Incorrect practice: `(The following content is topic discussion, keep...)` ← Not allowed!
Correct practice: Output all sentences, regardless of whether they are marked for deletion

Full transcript, content suggested for deletion by AI is marked with ~~strikethrough~~ and the reason is noted. Content from the same speaker is concatenated, no line breaks per sentence.

**响歌歌** 00:00
~~Alright, right, you shouldn't hear any noise. Because I remember last time we used this there was noise, just like that psychological counseling session, um, right, this time it should be better.~~ `[Delete: Opening small talk]`

**麦雅** 00:23
~~I'll turn on this dog, okay~~ `[Delete: Opening small talk]`

**安安** 00:27
~~I'll also turn on my self-introduction.~~ `[Delete: Opening small talk]`

...

**麦雅** 04:50
Hello everyone, welcome to today's 5:15 Podcast, I'm host 麦雅.

**响歌歌** 04:58
I'm host 响歌歌.

**麦雅** 05:02
Today we have a special guest, 安安.

**安安** 05:08
Hello everyone, I'm 安安.

...

**安安** 15:32
~~When I worked at Google before~~ `[Delete: Privacy - company name]` When I worked before, I encountered a similar situation.

...

**麦雅** 49:59
~~Should we cut this segment?~~ `[Delete: Recording discussion]`

**响歌歌** 50:02
~~Hmm, let's check later.~~ `[Delete: Recording discussion]`

**安安** 50:05
~~I think we can keep it.~~ `[Delete: Recording discussion]`

...

(Full transcript continues...)

Structure Description

Section	Content	Purpose
I. Content Outline	Topic-level table	Quickly understand structure, delete entire blocks
II. Silence Segments	List of long blank segments	Delete silent paragraphs
III. Statistics	Summary of deletion counts by type	Quickly see the scale of deletions
IV. Main Text	Full transcript + inline deletion marks	View context, review sentence by sentence

Topic Identification Rules

Topic Type	Identification Method
Opening small talk	Content before the official opening ("Hello everyone")
Official opening	Paragraph starting with "Hello/Hello everyone"
Chit-chat	Discussion of personal background irrelevant to the topic
Topic discussion	Core content around the podcast topic
Recording discussion	Paragraphs discussing editing, content selection
Closing	Concluding remarks like "Alright, that's it for today"

Deletion Types

⚠️ Division of Labor Principle

Skill	Focus	Processed Content	Timestamp Granularity
`/podcastcut-content`	Content semantics	Opening, off-topic, privacy, redundancy, long silence	Sentence-level
`/podcastcut-transcribe`	Verbal error technology	Filler words, verbal errors, short pauses, half-sentence deletion	Character-level

This Skill focuses on content level: What to delete and what to keep is a semantic judgment, deleting entire sentences. Verbal error identification is technical level: Requires more fine-grained rules (repeated characters, pause patterns), using character-level timestamps.
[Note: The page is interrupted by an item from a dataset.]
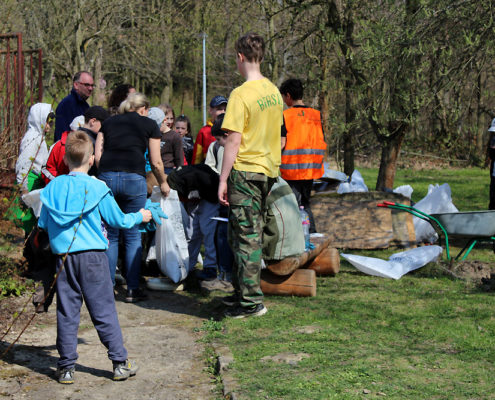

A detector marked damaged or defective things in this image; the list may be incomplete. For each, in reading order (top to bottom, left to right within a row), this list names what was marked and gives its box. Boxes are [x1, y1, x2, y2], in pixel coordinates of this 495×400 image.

rusty metal gate [0, 33, 42, 171]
Why this division of labor?

Sentence-level transcription + speaker diarization = accurate speaker identification
Character-level transcription + speaker diarization = easy speaker misalignment (OOM for long audio, alignment difficulties after segmentation)
First delete large segments (sentence-level), then process the remaining content (character-level)
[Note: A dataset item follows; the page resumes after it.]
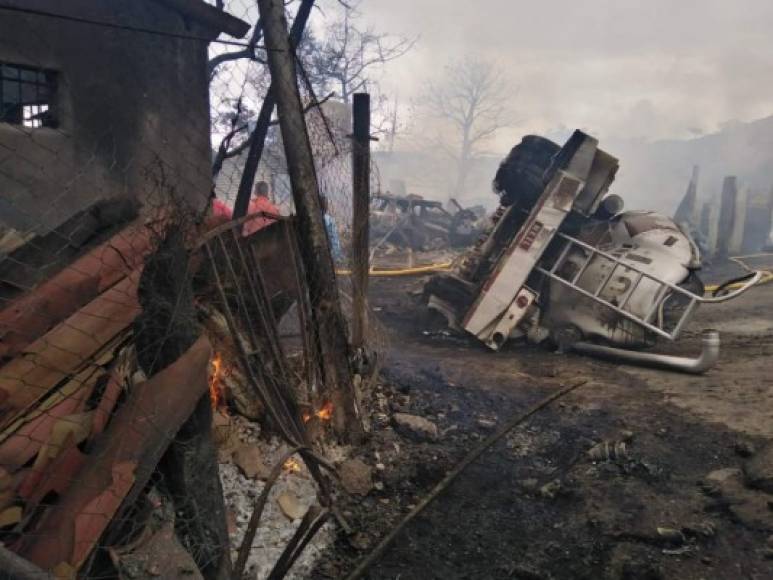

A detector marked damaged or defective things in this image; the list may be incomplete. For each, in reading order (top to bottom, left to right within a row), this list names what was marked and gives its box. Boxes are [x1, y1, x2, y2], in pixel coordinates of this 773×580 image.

rusted metal sheet [0, 272, 140, 430]
rusted metal sheet [0, 220, 155, 360]
rusted metal sheet [14, 336, 211, 572]
overturned tanker truck [422, 131, 760, 374]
Content Deletion Types (Processed by This Skill)

Type	Mark	Example
Opening small talk	`[Delete: Opening small talk]`	"Shall we start?" "Can you hear me?"
Closing chit-chat	`[Delete: Closing chit-chat]`	"Alright, that's it" "Bye"
Recording-related	`[Delete: Recording-related]`	"Re-record this segment" "Cut this later"
Off-topic content	`[Delete: Off-topic]`	Discussion irrelevant to the topic
Redundant repetition	`[Delete: Redundant]`	Large segments repeating the same point
Privacy - company	`[Delete: Privacy - company name]`	"I work at Google"
Privacy - personal name	`[Delete: Privacy - personal name]`	"My colleague Zhang San said"
Privacy - location	`[Delete: Privacy - location]`	"I live in xxx"
Long silence	Listed separately in the second part of the review draft	Silence over 3 seconds

Verbal Error Deletion Types (Processed by /podcastcut-transcribe)

Type	Description
Fillers/modal particles	"Um", "I mean", "Then", "Right right right"
Verbal errors	Misspoken words and corrections
Short pauses	Small pauses within sentences (< 3 seconds)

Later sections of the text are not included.